P2Y12 blocker monotherapy after percutaneous coronary intervention

Besides lipid lowering strategies, antithrombotic therapy is the cornerstone of secondary prevention of coronary artery disease (CAD). By far the most commonly used agent is single antiplatelet therapy with aspirin [1]. For patients with an aspirin allergy or intolerance, antagonists of the platelet P2Y12 receptor are an alternative. For patients undergoing percutaneous coronary intervention (PCI) dual antiplatelet therapy (DAPT: aspirin combined with a P2Y12 blocker) has become the standard of care [2]. In patients who have undergone a PCI for acute coronary syndromes (ACS) 1 year of treatment is recommended [3, 4]. In elective patients 6 months of DAPT is preferred by most cardiologists, but prolonged treatment can be given with more complex anatomy or the use of multiple stents. Thus, all stented CAD patients are on DAPT for a period of time.
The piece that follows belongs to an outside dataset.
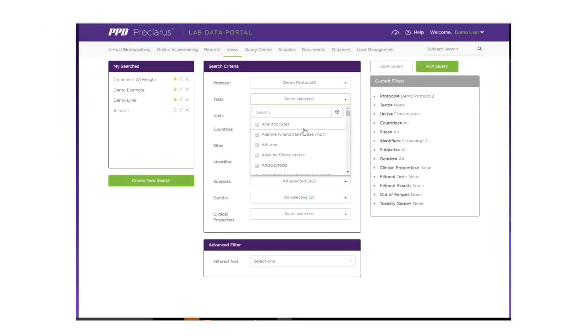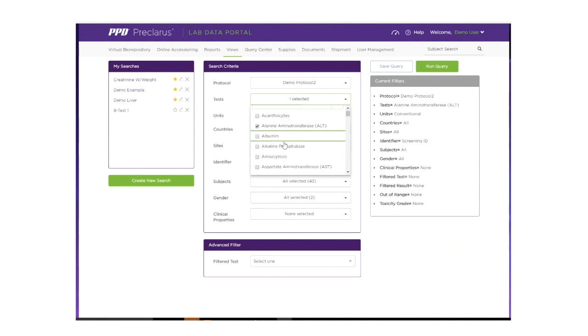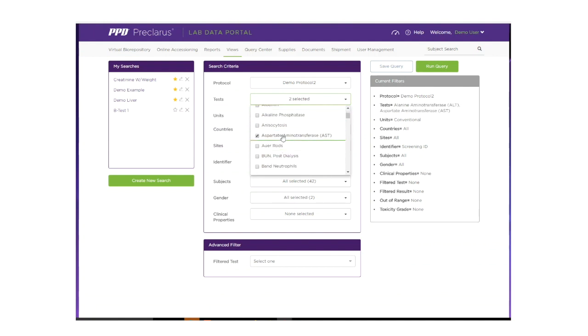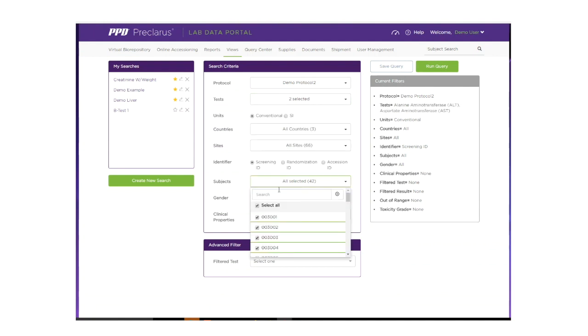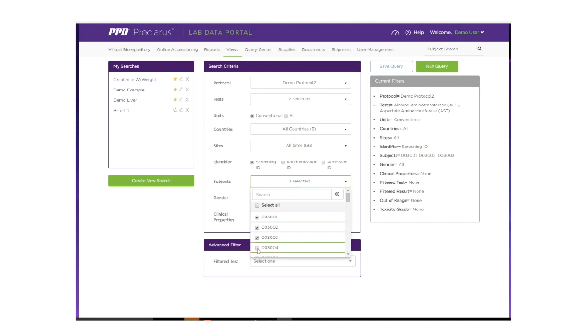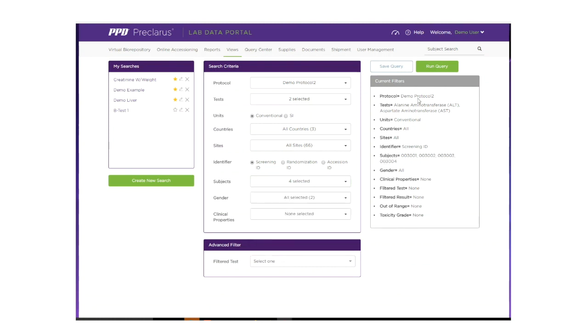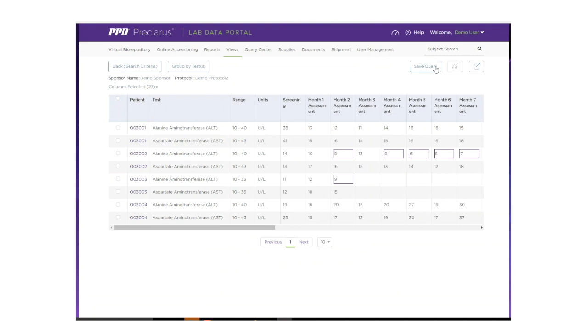In addition to access to data at the patient level, the Lab Data Portal provides consolidated views of data across subjects, time points, sites, and other dimensions as you define them.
The only serious side effect of DAPT is increased bleeding in comparison to aspirin alone.

This short review will address the safety and efficacy of a reduction in DAPT-related bleeding by discontinuing aspirin rather than the P2Y12 blocker at the time of DAPT cessation, as has recently been evaluated in large-scale randomised clinical trials.

Platelet release of thromboxane A2 and subsequent activation of platelets via the platelet P2Y12 receptor is an important pathway contributing to platelet aggregation and, consequently, thrombosis [5] (see Fig. 1). Activated platelets bind with their glycoprotein VI receptors to collagen after endothelial disruption, which further stimulates platelet thromboxane A2 release by inducing the cytosolic release of arachidonic acid, which is converted rapidly to thromboxane A2 via cyclo-oxygenase 1 (COX-1) and thromboxane synthase, even at very low doses. For example,, daily dosing with aspirin 25 mg leads to 95% inhibition of platelet thromboxane synthesis [6]. Standard once-daily dosing with aspirin 75–100 mg guarantees a consistent and very high level of COX‑1 inhibition in adherent patients [6].

In the platelets adenosine diphosphate (ADP) is stored at high concentrations in their dense granules and is released after platelet activation in response to thromboxane A2, thrombin and collagen, as well as ADP itself. ADP acting via P2Y12 receptors is not only one of the many platelet agonists to start platelet activation, but also amplifies platelet activation through P2Y12 receptors. These features have made platelet P2Y12 receptors a key target for preventing and treating arterial thrombosis [7].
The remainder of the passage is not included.